- Spanish: Sordo
- Directed by: Alfonso Cortés-Cavanillas
- Written by: Alfonso Cortés-Cavanillas; Juan Carlos Díaz Martín;
- Starring: Asier Etxeandia; Marian Álvarez; Hugo Silva; Aitor Luna; Olimpia Melinte; Imanol Arias;
- Distributed by: Filmax
- Release dates: March 22, 2019 (FCEM); September 13, 2019 (Spain);
- Country: Spain

= The Silent War (2019 film) =

The Silent War (Sordo; lit. 'Deaf') is a 2019 Spanish war film written and directed by Alfonso Cortés-Cavanillas.

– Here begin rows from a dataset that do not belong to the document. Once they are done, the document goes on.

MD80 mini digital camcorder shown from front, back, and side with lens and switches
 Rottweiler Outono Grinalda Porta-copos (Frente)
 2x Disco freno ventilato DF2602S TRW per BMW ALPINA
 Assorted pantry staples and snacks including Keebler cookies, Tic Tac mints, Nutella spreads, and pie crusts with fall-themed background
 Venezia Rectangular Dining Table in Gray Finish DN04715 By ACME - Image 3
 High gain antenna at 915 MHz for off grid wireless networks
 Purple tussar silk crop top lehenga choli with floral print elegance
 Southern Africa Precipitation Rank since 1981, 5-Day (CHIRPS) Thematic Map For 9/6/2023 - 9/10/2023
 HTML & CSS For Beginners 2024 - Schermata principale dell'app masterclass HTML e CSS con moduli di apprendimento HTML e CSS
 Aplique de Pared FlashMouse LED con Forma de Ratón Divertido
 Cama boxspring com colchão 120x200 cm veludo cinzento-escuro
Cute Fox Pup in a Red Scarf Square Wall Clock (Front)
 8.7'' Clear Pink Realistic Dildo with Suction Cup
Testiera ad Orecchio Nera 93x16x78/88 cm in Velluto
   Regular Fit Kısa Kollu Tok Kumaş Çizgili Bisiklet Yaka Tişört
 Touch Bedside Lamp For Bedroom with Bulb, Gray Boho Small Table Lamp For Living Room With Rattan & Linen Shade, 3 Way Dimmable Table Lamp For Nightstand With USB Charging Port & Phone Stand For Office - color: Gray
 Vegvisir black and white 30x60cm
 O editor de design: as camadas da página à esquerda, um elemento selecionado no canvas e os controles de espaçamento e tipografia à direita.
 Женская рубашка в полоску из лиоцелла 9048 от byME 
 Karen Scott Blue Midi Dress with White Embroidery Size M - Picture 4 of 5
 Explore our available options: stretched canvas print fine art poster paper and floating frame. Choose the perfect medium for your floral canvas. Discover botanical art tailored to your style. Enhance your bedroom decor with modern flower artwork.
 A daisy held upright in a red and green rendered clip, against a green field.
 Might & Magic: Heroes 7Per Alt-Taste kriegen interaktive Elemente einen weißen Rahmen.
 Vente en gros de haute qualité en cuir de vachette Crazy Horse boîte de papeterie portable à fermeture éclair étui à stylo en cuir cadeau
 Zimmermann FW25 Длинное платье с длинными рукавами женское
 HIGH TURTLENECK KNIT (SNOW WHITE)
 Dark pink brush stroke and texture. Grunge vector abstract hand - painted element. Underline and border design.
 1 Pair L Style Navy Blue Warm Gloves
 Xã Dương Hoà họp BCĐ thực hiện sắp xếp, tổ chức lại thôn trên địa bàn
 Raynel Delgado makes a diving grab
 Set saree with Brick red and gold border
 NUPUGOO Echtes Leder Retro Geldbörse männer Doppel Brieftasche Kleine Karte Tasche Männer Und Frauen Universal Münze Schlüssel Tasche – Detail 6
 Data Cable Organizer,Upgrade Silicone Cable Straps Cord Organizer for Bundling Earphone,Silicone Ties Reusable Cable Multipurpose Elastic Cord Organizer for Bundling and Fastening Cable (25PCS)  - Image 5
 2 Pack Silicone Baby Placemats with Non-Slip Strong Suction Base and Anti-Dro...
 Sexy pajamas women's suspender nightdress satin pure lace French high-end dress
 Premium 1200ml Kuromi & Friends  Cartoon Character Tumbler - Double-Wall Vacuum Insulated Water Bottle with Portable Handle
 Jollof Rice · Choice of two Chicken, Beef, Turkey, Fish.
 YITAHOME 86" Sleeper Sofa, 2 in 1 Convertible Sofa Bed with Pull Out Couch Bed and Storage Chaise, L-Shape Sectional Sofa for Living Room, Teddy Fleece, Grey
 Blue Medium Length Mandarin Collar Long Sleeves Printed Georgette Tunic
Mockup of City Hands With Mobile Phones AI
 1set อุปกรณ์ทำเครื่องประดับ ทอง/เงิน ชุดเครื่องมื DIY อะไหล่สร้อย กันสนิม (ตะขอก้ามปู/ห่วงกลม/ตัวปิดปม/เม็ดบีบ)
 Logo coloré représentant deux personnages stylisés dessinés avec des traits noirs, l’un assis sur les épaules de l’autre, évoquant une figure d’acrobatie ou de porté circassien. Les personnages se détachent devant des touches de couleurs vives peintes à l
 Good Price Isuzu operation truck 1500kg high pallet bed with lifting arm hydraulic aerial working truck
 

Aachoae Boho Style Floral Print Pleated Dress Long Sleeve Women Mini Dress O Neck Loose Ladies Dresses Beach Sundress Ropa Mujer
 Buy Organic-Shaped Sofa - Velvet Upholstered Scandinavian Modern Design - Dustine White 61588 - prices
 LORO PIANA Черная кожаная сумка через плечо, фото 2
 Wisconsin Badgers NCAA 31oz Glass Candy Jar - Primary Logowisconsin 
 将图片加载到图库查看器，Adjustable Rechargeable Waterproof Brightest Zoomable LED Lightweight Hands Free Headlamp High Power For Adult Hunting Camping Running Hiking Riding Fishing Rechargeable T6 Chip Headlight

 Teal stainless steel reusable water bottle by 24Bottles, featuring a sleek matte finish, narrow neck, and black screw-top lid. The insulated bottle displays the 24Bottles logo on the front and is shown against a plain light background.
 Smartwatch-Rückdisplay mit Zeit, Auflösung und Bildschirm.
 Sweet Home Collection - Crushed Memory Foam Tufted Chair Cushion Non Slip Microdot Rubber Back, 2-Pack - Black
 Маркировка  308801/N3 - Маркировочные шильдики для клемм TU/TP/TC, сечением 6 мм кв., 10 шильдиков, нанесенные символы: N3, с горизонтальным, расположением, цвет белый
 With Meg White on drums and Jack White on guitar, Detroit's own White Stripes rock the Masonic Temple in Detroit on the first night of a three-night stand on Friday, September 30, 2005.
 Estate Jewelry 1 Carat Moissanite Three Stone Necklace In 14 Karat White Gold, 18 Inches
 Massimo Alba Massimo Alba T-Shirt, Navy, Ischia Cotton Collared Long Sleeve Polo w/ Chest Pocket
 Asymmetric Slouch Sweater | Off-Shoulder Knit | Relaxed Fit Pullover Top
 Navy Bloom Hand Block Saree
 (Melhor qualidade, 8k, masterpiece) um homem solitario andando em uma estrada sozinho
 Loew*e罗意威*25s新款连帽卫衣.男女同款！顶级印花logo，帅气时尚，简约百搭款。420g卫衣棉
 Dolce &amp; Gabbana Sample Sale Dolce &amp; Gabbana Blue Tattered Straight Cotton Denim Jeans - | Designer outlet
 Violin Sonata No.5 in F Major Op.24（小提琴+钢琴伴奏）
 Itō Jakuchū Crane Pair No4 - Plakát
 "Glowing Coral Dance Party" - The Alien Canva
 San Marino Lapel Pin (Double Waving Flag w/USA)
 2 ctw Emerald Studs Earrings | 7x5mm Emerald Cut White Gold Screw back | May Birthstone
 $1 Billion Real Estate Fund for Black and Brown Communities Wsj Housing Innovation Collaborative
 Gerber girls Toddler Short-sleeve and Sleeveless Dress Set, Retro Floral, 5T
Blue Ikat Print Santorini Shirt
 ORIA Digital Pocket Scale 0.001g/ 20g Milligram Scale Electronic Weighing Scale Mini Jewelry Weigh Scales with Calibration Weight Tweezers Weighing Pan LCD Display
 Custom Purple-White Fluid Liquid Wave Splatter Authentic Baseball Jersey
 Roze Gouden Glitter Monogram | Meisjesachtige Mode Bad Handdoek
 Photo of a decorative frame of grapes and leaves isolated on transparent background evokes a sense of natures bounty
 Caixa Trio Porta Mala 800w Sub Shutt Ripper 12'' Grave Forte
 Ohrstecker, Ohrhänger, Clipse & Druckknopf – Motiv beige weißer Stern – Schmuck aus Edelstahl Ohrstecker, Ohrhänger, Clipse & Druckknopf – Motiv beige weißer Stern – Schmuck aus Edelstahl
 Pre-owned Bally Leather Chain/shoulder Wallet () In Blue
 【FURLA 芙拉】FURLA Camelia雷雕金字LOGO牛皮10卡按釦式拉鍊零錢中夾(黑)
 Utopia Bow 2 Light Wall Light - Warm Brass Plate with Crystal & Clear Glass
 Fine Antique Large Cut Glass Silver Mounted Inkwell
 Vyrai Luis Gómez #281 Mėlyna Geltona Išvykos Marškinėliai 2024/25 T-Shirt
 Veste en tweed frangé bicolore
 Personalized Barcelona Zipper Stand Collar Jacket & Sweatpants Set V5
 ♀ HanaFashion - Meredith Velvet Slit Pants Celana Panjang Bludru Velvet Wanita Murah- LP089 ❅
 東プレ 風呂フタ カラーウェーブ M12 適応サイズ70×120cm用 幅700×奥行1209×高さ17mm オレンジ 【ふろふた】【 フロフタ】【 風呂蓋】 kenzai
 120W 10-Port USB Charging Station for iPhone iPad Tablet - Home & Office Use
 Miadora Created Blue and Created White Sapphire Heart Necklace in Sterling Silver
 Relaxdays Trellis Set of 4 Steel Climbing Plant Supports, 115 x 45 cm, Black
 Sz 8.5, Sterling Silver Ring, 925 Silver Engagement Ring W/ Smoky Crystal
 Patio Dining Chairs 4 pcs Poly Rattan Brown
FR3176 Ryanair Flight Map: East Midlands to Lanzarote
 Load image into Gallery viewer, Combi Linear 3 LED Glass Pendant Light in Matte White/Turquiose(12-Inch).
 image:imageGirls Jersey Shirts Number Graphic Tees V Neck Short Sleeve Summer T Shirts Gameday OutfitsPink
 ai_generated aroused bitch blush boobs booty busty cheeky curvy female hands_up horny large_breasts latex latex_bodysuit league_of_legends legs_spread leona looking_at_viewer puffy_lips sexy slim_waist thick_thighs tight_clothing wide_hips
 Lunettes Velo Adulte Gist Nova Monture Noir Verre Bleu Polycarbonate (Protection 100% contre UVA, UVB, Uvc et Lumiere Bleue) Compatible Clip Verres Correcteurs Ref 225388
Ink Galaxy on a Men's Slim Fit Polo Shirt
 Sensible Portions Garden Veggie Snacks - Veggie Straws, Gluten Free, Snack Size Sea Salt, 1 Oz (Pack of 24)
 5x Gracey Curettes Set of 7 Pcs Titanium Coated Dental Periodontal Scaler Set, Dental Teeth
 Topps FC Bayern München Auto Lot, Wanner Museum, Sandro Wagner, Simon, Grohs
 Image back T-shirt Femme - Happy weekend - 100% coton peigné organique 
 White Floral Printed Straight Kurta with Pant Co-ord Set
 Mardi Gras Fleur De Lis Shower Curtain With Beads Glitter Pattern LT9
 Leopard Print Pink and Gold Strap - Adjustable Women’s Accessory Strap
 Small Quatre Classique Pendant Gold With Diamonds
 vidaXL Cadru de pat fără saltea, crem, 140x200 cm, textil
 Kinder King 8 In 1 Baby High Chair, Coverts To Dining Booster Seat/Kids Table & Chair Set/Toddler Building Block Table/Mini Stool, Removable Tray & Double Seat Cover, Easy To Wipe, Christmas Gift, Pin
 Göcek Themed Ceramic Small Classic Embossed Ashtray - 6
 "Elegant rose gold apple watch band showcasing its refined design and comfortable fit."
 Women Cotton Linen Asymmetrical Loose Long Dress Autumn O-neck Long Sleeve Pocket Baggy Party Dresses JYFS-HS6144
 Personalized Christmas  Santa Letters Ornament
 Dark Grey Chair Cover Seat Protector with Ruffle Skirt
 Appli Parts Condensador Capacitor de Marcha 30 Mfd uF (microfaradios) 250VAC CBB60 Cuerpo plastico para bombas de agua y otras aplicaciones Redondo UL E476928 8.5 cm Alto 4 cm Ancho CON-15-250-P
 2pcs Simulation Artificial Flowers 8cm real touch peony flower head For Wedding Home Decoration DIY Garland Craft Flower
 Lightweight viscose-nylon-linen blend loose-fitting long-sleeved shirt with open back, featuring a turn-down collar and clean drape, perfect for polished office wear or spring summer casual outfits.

The cast is led by Asier Etxeandia, Marian Álvarez, Hugo Silva, Aitor Luna, Olimpia Melinte and Imanol Arias.

== Plot ==
Set in 1944 Spain, the plot features a guerrilla fighter (maquis) who becomes deaf and has to survive a manhunt.

== Production ==
It consists of an adaptation of the graphic novel Sordo by David Múñoz and Rayco Pulido. The film was written by the director alongside Juan Carlos Díaz Martín.

== Release ==
The Silent War was presented at the 22nd Málaga Film Festival (FCME) on March 22, 2019, as part of the festival's official selection. Distributed by Filmax, the film was theatrically released in Spain on September 13, 2019.

Netflix released the film on its streaming service on February 3, 2020.